Le traitement des effluents
Les Bassins de Récupération des Effluents glycolés
Après le dégivrage/antigivrage d’un aéronef, la plupart des effluents sont récupérés dans des Bassins de Récupérations des Effluents glycolés (BRE). Ils sont situés aux abords des aires de dégivrage et sont au nombre de 10.
Le reste du glycol est perdu en ruisselant de l’avion sur les voies de circulation et sur les pistes.
Cette portion est donc traitée avec les eaux pluviales (EP).
L’ouverture d’un BRE est pilotée par une vanne, elle-même actionnée par le poste de dégivrage relié. Lorsqu’une baie de dégivrage est ouverte, la vanne s’ouvre instantanément.

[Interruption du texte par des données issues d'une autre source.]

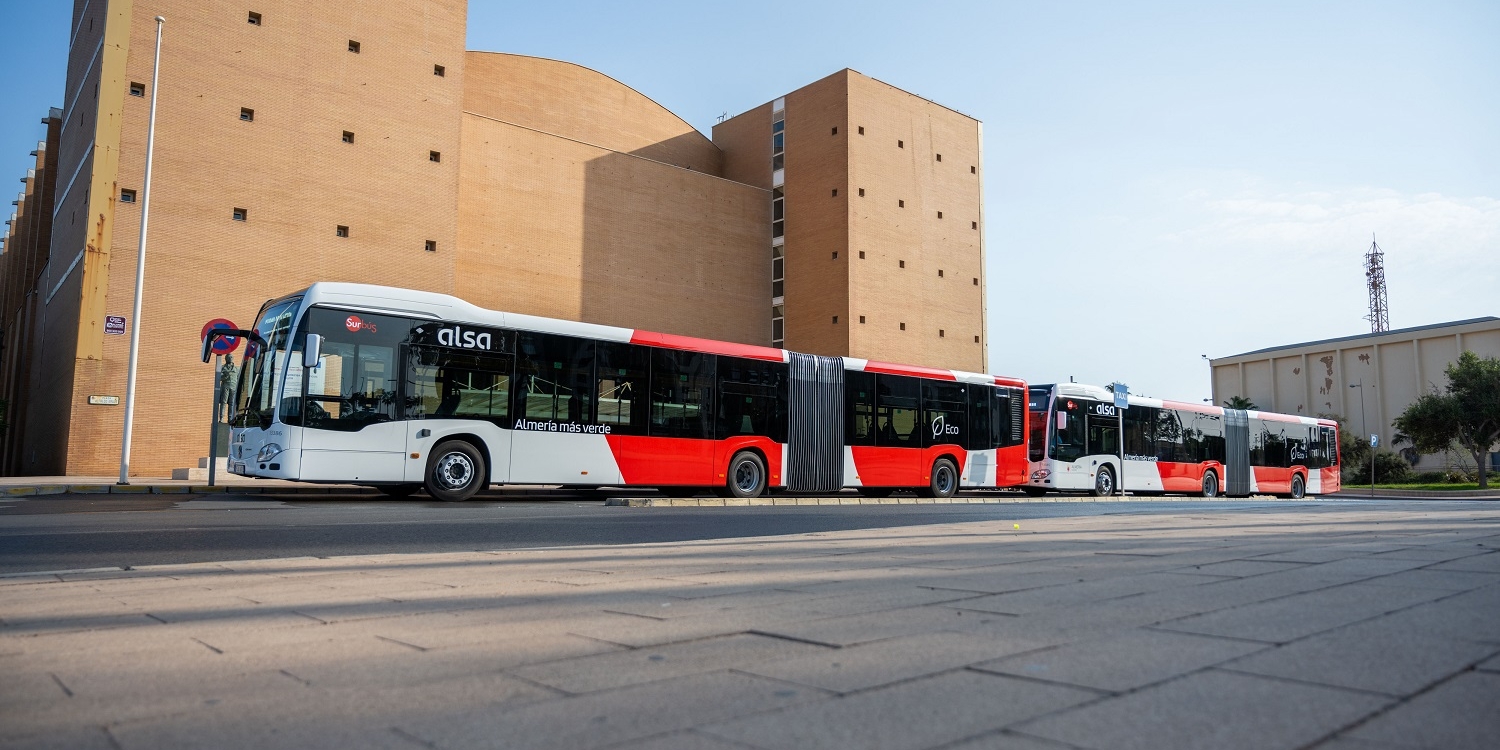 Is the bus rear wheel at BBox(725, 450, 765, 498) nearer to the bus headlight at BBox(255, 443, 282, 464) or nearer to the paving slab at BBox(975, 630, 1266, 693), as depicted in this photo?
the bus headlight at BBox(255, 443, 282, 464)

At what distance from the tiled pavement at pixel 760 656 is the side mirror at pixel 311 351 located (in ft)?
29.4

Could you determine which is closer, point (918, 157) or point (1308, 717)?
point (1308, 717)

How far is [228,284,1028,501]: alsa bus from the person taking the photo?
1489 centimetres

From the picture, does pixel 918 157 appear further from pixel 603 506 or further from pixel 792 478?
pixel 603 506

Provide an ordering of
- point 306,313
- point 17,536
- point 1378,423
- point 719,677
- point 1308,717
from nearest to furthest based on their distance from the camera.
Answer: point 1308,717
point 719,677
point 17,536
point 306,313
point 1378,423

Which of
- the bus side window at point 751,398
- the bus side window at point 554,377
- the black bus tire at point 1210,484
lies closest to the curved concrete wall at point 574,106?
the bus side window at point 751,398

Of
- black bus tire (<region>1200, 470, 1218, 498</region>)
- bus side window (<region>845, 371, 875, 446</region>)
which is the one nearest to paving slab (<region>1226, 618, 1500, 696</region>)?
bus side window (<region>845, 371, 875, 446</region>)

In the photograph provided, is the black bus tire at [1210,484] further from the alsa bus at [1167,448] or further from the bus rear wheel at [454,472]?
the bus rear wheel at [454,472]

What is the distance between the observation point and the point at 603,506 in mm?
15445

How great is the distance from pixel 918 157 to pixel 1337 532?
4875 cm

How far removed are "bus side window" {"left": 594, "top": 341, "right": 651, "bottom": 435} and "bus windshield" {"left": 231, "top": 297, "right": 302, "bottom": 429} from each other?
17.1 feet

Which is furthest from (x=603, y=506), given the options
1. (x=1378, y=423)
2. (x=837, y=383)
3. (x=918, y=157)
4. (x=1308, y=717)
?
(x=1378, y=423)

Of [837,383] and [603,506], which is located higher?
[837,383]

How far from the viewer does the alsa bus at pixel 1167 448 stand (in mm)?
26594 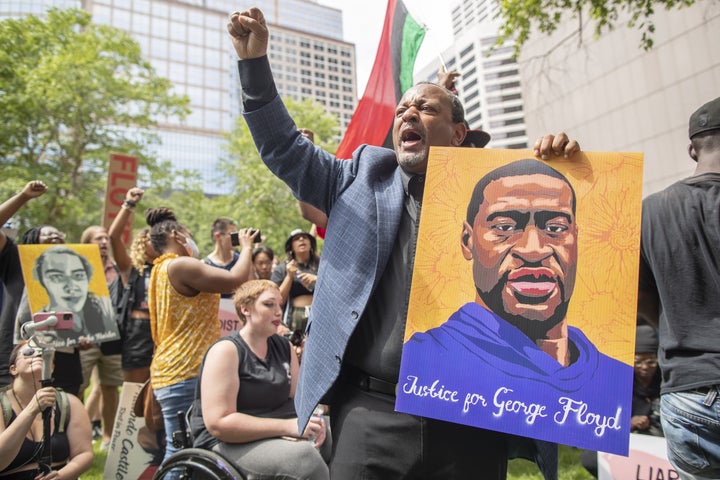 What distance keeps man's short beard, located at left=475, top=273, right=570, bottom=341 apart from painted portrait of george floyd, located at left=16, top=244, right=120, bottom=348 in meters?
3.38

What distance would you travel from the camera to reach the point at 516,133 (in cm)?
10262

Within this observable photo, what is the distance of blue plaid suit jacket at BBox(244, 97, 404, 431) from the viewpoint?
1.58 metres

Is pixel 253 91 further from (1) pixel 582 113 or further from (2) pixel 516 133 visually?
(2) pixel 516 133

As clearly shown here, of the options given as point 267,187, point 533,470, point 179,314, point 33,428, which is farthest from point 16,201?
point 267,187

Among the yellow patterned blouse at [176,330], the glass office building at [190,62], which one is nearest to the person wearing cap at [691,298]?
the yellow patterned blouse at [176,330]

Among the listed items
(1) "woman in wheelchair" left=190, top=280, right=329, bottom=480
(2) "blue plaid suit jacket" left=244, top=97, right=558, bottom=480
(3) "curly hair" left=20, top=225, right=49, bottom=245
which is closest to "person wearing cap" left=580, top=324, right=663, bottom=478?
(1) "woman in wheelchair" left=190, top=280, right=329, bottom=480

Lorsque la baie est officiellement fermée, la vanne se ferme 30 minutes après, pour permettre le ruissellement et/ou le lessivage du glycol restant sur baie. Ce fonctionnement explique la dilution du glycol que nous verrons par la suite.
Les BRE se remplissent significativement durant la saison hivernale mais sont vidés tout au long de l’année.
Le traitement des effluents
Les BRE sont vidés par pompage par la société Cuv’éclair, Suez, et sont traités par SARPIndustrie, filiale de Veolia. La capacité de pompage se situe aux alentours de 45 Tonnes par jour et peut s’étendre jusqu’à 100 T/j si nécessaire. Les deux sociétés travaillent en collaboration.
Basé à Limay, dans les Yvelines (78), le centre de traitement et valorisation de déchets dangereux de SARP Industrie peut traiter tout type de déchet industriel, allant du déchet en petit conditionnement, en passant par les huiles usagées, jusqu’aux déchets les plus lourds.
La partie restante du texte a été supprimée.